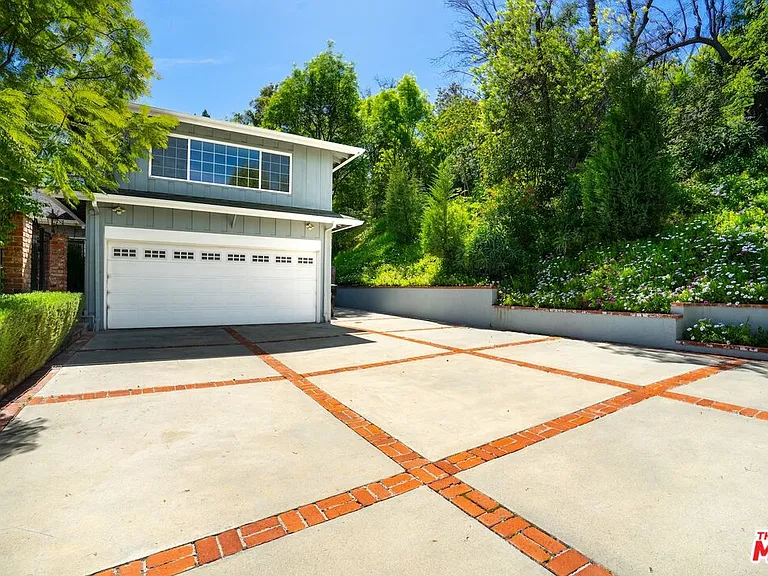 4645 Petit Ave — Photo 22
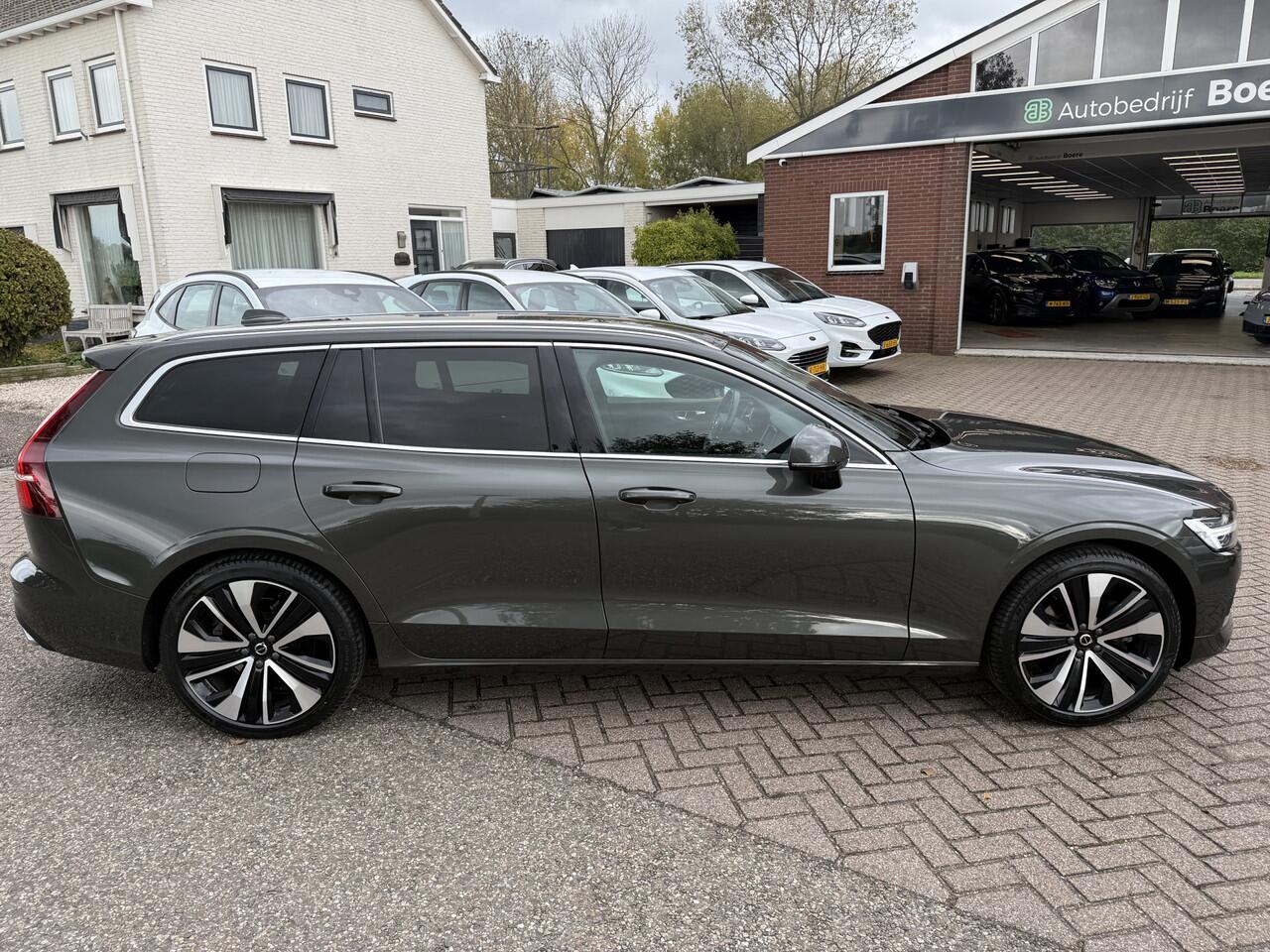 Volvo V60 2.0 B4 200pk Inscription 360 camera, Trekhaak, 19'', Leder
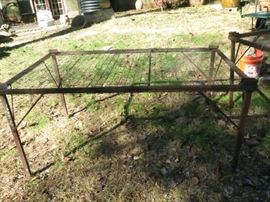 OUTDOOR POTTING TABLES.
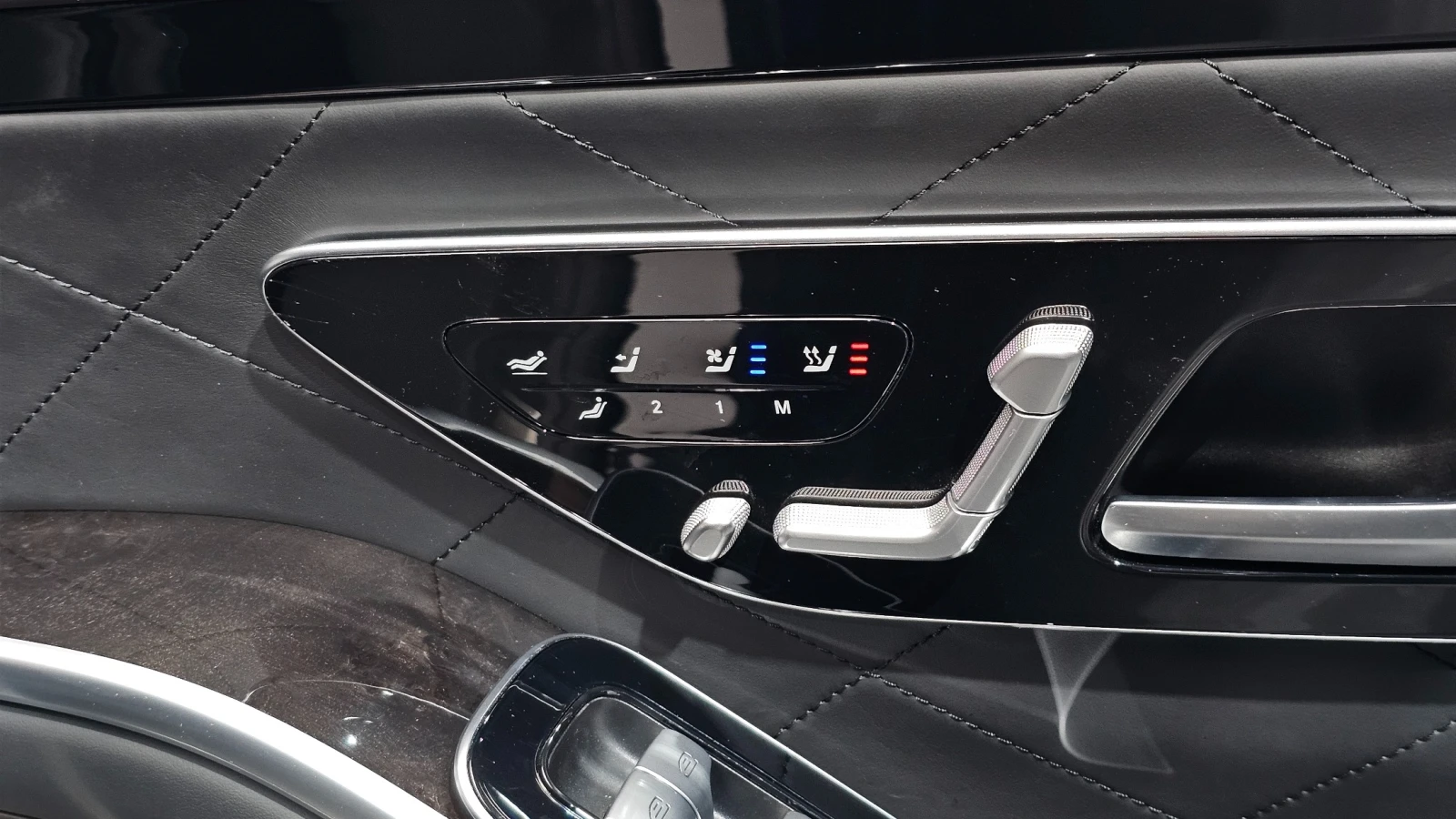 Mercedes-Benz S 580 L* FULL * DESIGNO* TV* MASSAGE, снимка 12 - Автомобили и джипове - 55954134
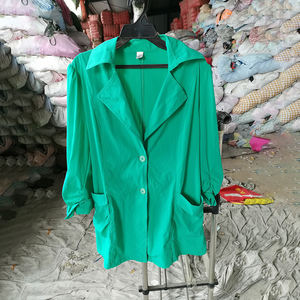 Faldas y Vestidos Usados <span class=keywords><strong>de</strong></span> Verano y Otoño <span class=keywords><strong>de</strong></span> Alta Calidad en China, Empacados en Fardos, Venta a Bajo Precio con MOQ <span class=keywords><strong>de</strong></span> 45 kg - Product Image 4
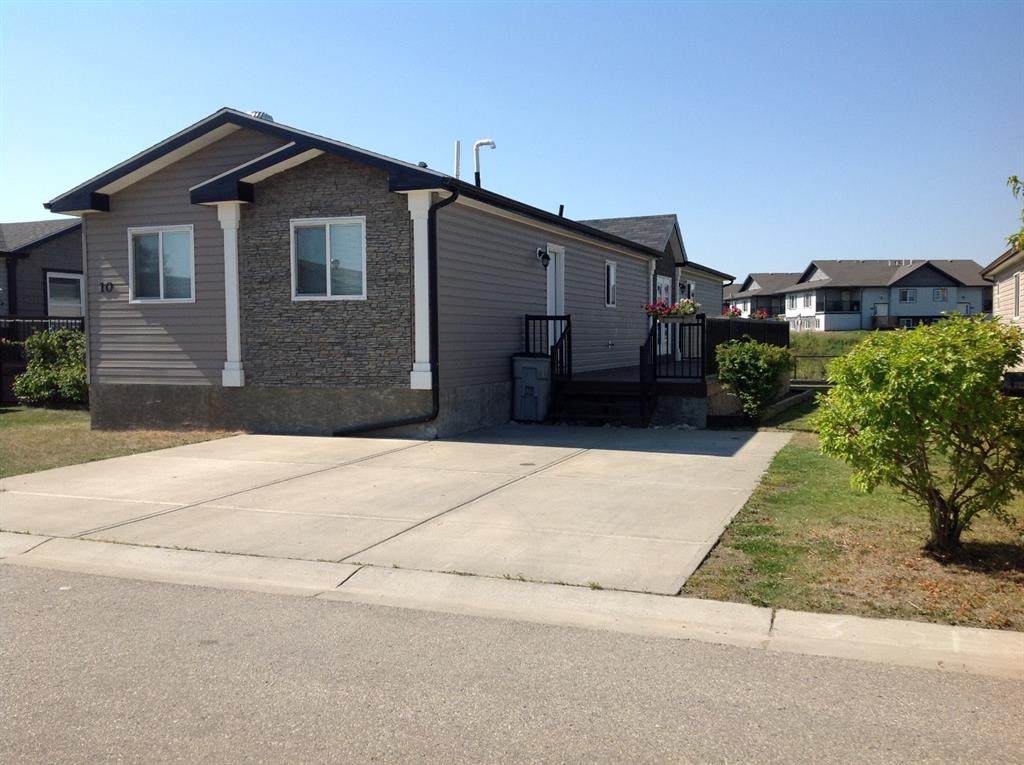 10 Edgewater Crescent - Photo 1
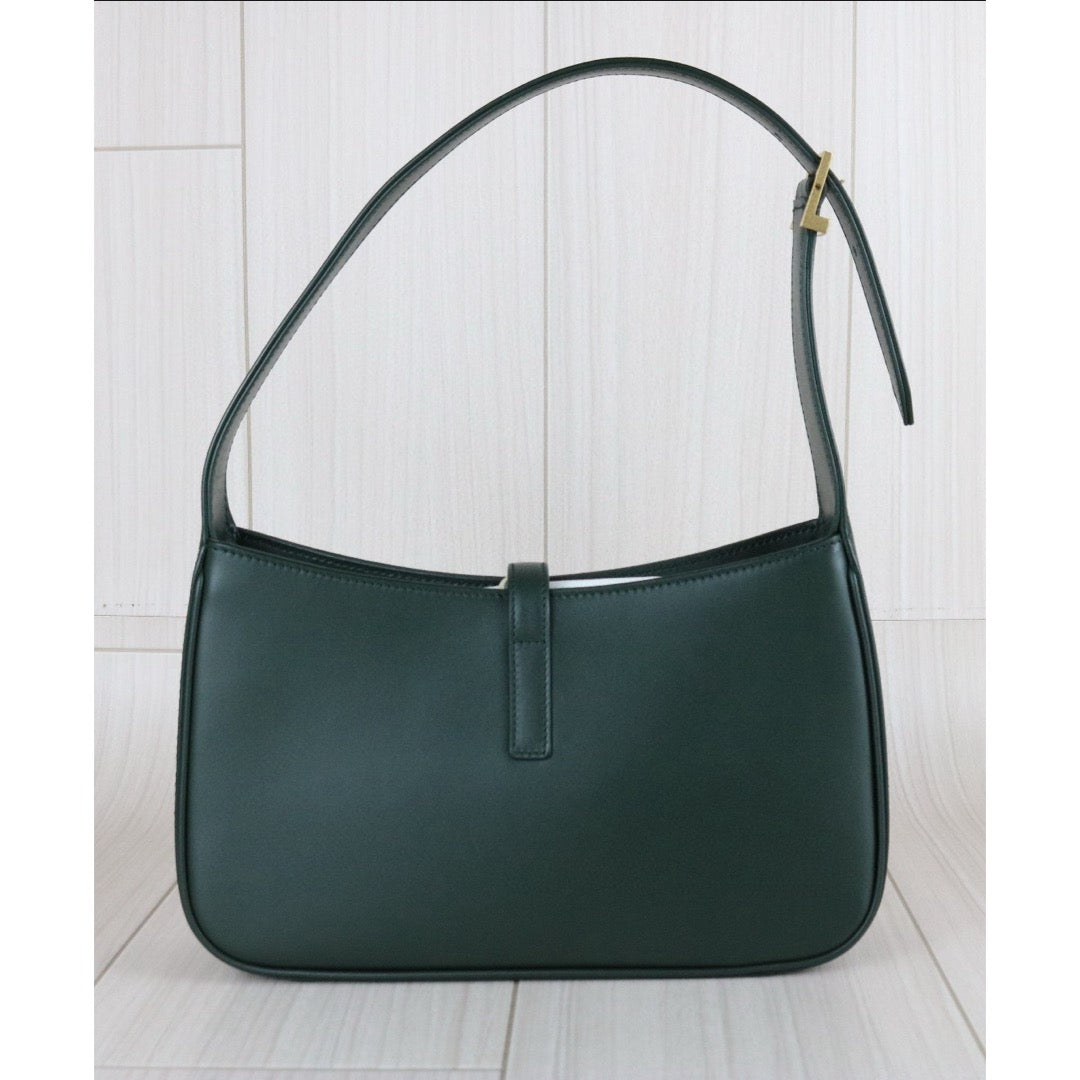 Wholesale｜Excellent（Rank SA）｜ B25030110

------------------------

- Description of the task: With pictures left out, repeat exactly the lines from the line bearing "Mercedes-Benz S 580" through the final line of the records above.

- Answer to this problem:
 Mercedes-Benz S 580 L* FULL * DESIGNO* TV* MASSAGE, снимка 12 - Автомобили и джипове - 55954134
 Faldas y Vestidos Usados <span class=keywords><strong>de</strong></span> Verano y Otoño <span class=keywords><strong>de</strong></span> Alta Calidad en China, Empacados en Fardos, Venta a Bajo Precio con MOQ <span class=keywords><strong>de</strong></span> 45 kg - Product Image 4
 10 Edgewater Crescent - Photo 1
 Wholesale｜Excellent（Rank SA）｜ B25030110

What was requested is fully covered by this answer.